On Tuesdays and some cases, Saturdays, many people of Indian lineage, keep a fast in honor of Hanuman and give special offerings to him. In times of trouble, it is customary for Hindus to chant the name of Hanuman, and in particular, chant the hymn of Hanuman Chalisa, where they proclaim victory to his thunderbolt strength. Once every year on the full-moon day of the month of April, Hanuman Jayanti is celebrated to commemorate the birth of Hanuman. Hanuman temples are among the most common public shrines found in India.
Hanuman Jayanti, which means victory to Hanuman, is a joyous time, full of blessings bestowed by the great God Hanuman. The gathered chelas and guests were in a celebratory mood that night and eagerly tossed what they no longer wanted into the dhuni. As the shouts of Swaha rose into the air, it felt as if the air itself became more transparent and redolent of the smoke rising from the dhuni. The celebration of Hanuman Jayanti continued after the puja as participants eagerly consumed the delicious prasad that was offered after the puja.
Hanuman assisted Lord Rama in his struggle with evil forces. Particularly in the Ramayana, in his struggle against the evil Ravenna, Hanuman is worshipped for a myriad of reasons. He is indeed one of the most popular idols in the Hindu pantheon. Believed to be an incarnation of Lord Shiva, Hanuman is mostly worshipped for his incarnation as a lowly monkey to show his humility and steadfastness. Hanuman’s devotion to Lord Rama, one of Vishnu’s avatars, is exemplary and noteworthy. That Hanuman left the ethereal abode of Shiva to reside and serve mere mortals is often told in many tales. Children especially love Hanuman because of his benign countenance and friendly appearance.

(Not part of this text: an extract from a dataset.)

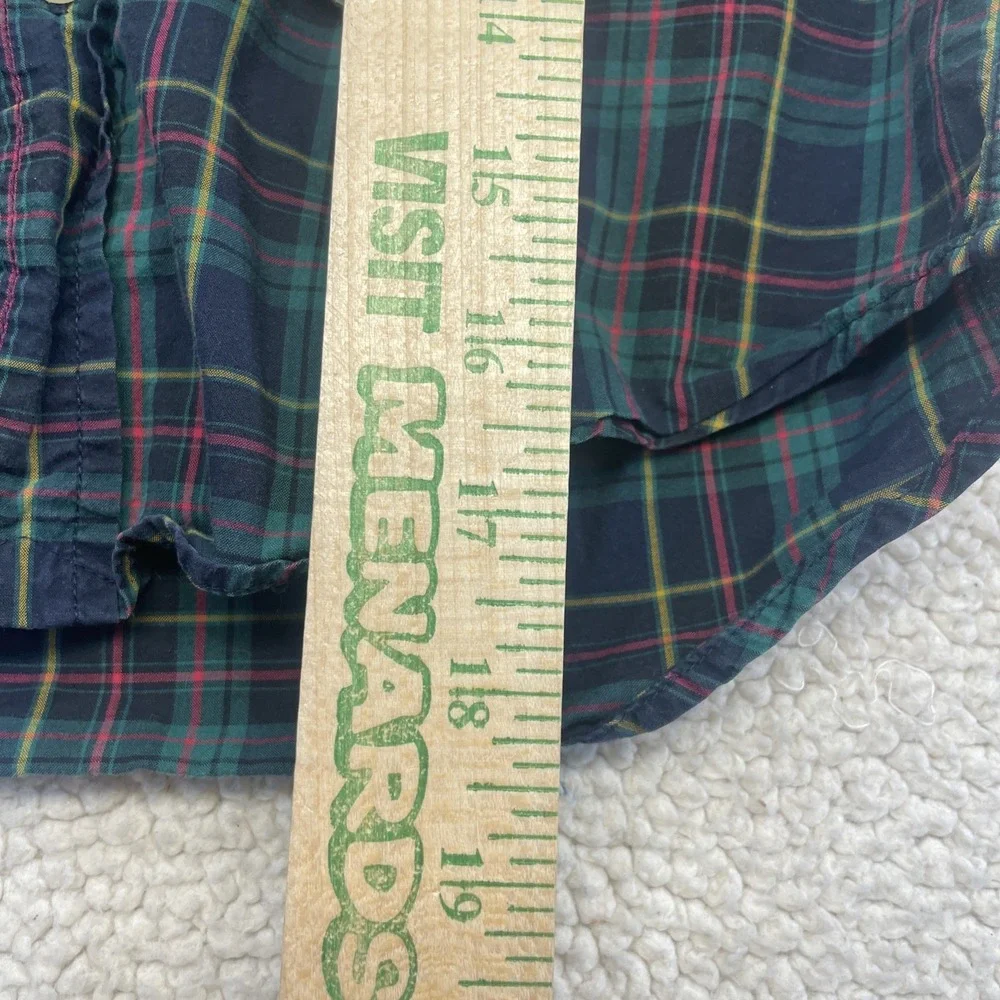 Ralph Lauren Shirt Boy Size 5 Blue Green Plaid Button Down Long Sleeve Pony Logo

That he is a simian symbol adds to Hanuman’s legend because humility and the ability to “bow low,” less one’s ego, is something to be desired as one proceeds on the spiritual path. In life we are probably presented countless times with situations where we are given the opportunity to renounce our ego by giving up the desire to be “right.” But how easy is it to do that? How often does one see true humility in life? These are certainly not proper or popular notions in a materialistic, competitive aggressive world. That is why Hanuman beckons us to remember the truth of life that all spirituality professes: that the least shall be first; that the meek shall inherit the earth and other such affirmations of worth.
Hanuman, we bow low before you and ask you for the gift of humility, strength, loyalty and steadfastness.
Om Sri Hanuman Ki Jai!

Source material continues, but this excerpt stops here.